Ancak unutulmamalıdır ki; en fazla evi olan, en pahalı arabaları satın alan, en çok kıyafeti olan kısacası en zengin olan insanın da, oturabileceği ev, kullanabileceği araba, yiyebileceği yemek, yatabileceği yatak, giyebileceği kıyafet sınırlıdır. Bu insanların hayatlarına baktığımızda görürüz ki;
- Onlarca odadan oluşan malikanelere sahip olsalar dahi, aynı anda bütün odaları kullanamayacakları için evlerinin en fazla bir odasında oturabilirler.
- Dolaplar dolusu kıyafetleri olsa da aynı anda sadece tek bir kıyafeti giyebilirler.
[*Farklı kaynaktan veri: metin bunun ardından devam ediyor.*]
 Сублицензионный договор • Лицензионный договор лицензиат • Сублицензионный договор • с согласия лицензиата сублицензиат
- Yüce Allah'ın yarattığı binlerce çeşit yiyeceğe sahip olabilseler bile, en fazla 2-3 tabak yemek yiyebilirler; daha fazlasını yemeye kalksalar bu, onlar için bir işkence haline dönüşür…
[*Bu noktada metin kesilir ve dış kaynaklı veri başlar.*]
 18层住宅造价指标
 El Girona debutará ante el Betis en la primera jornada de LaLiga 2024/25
Bu gerçekleri kavrayamayan insanlar, dünyada kazandıklarının belli amaçlarla kendilerine verildiğini, aslında tüm bunların az bir kazanç sağladığını, en önemlisi de bu kazancı en fazla 70-80 sene kullanabildiklerini düşünmezler. Sahip oldukları mallarını, çocuklarını, evlerini, arabalarını, tüm servetlerini bir gün gelip dünyada bırakarak mezara konacakları gerçeğini unutur, bitmek bilmeyen ve asla ulaşamayacakları bir zenginlik ve büyüklük hasretiyle ömürlerini geçirirler. Bu durum, bir ayette şöyle bildirilmiştir:
“Şüphesiz, kendilerine gelmiş bulunan hiçbir delil olmaksızın, Allah'ın ayetleri konusunda mücadele edenlere gelince; onların göğüslerinde kendisine ulaşamayacakları bir büyüklük (isteğin)den başkası yoktur. Artık sen Allah'a sığın. Şüphesiz O hakkıyla işiten, hakkıyla görendir.” (Mümin Suresi, 56)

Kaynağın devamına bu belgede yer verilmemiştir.